WORK TASK: In your copy of the data, omit the pictures and keep all else exactly as given.

GIVEN MATERIAL:

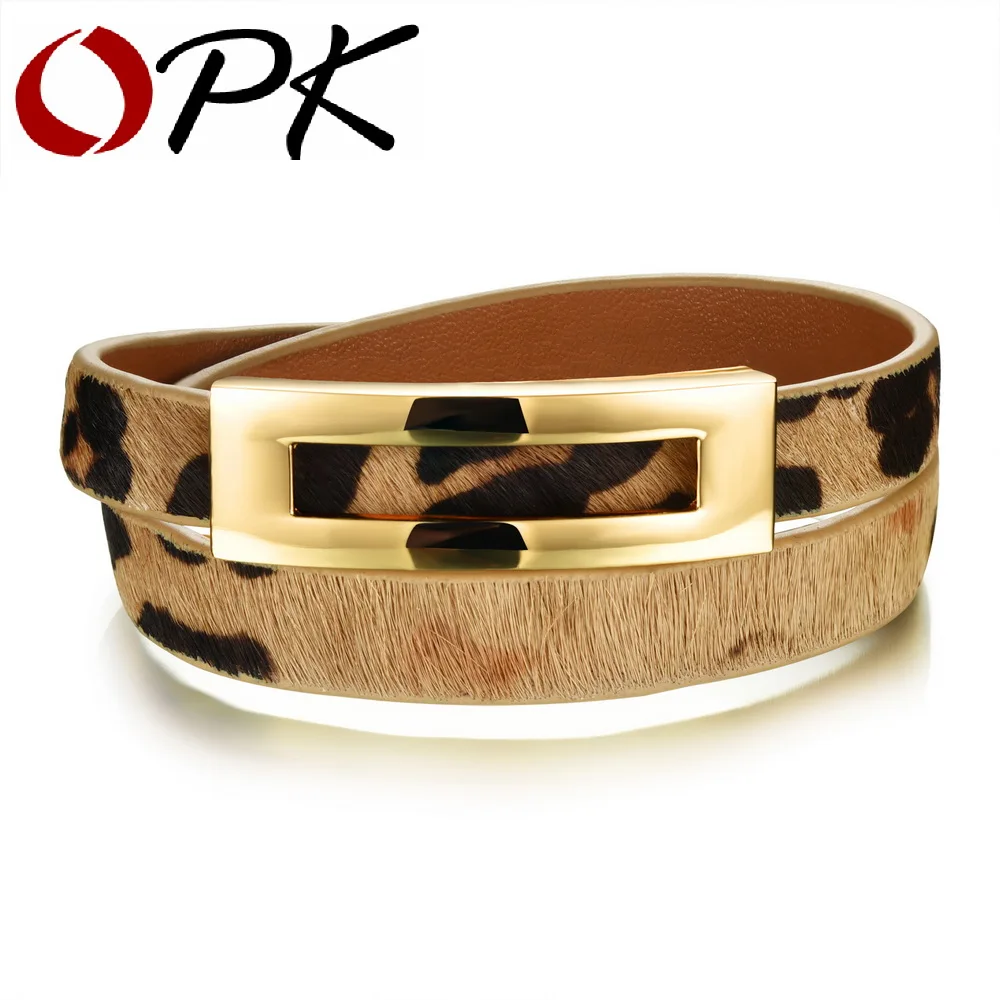 

OPK Woman Leather Wrap Bracelets Casual Black/Brown/Leopard Color Double Layer Leather Women Sporty Jewelry Bracelet PH1005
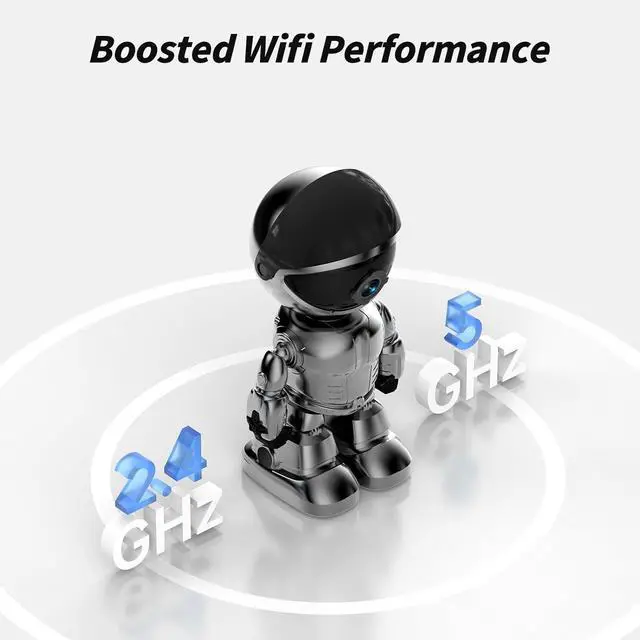 Alt view image 2 of 6 - Indoor Camera 2K HD 5G/2.4Ghz WiFi Pet Robot Camera Motion Detection and Alarm,Two-Way Talk,Color Night Vision, Nanny Cam Compatible with Alexa(Black)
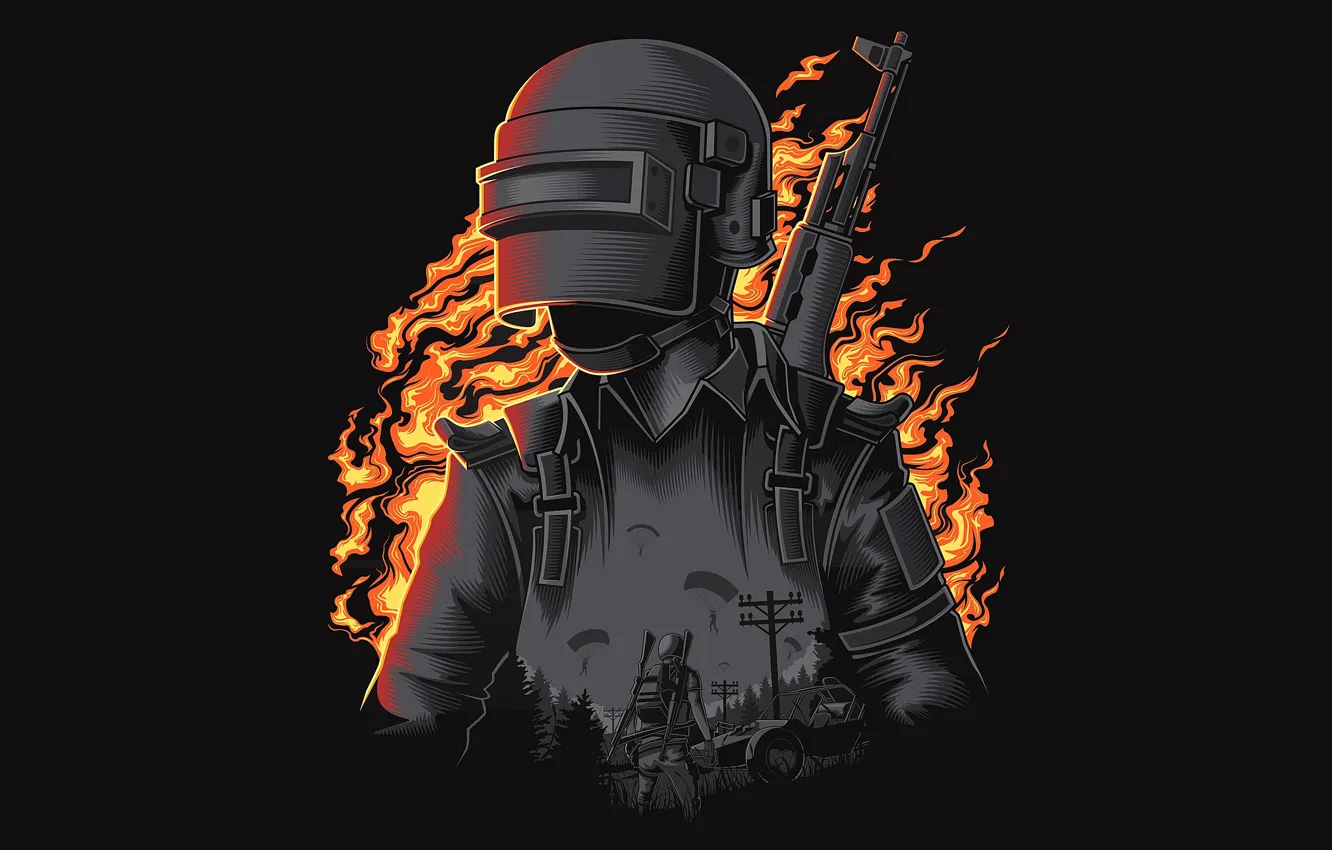 Фото обои фон, солдат, шлем, PlayerUnknown's Battlegrounds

ANSWER:
OPK Woman Leather Wrap Bracelets Casual Black/Brown/Leopard Color Double Layer Leather Women Sporty Jewelry Bracelet PH1005
 Alt view image 2 of 6 - Indoor Camera 2K HD 5G/2.4Ghz WiFi Pet Robot Camera Motion Detection and Alarm,Two-Way Talk,Color Night Vision, Nanny Cam Compatible with Alexa(Black)
 Фото обои фон, солдат, шлем, PlayerUnknown's Battlegrounds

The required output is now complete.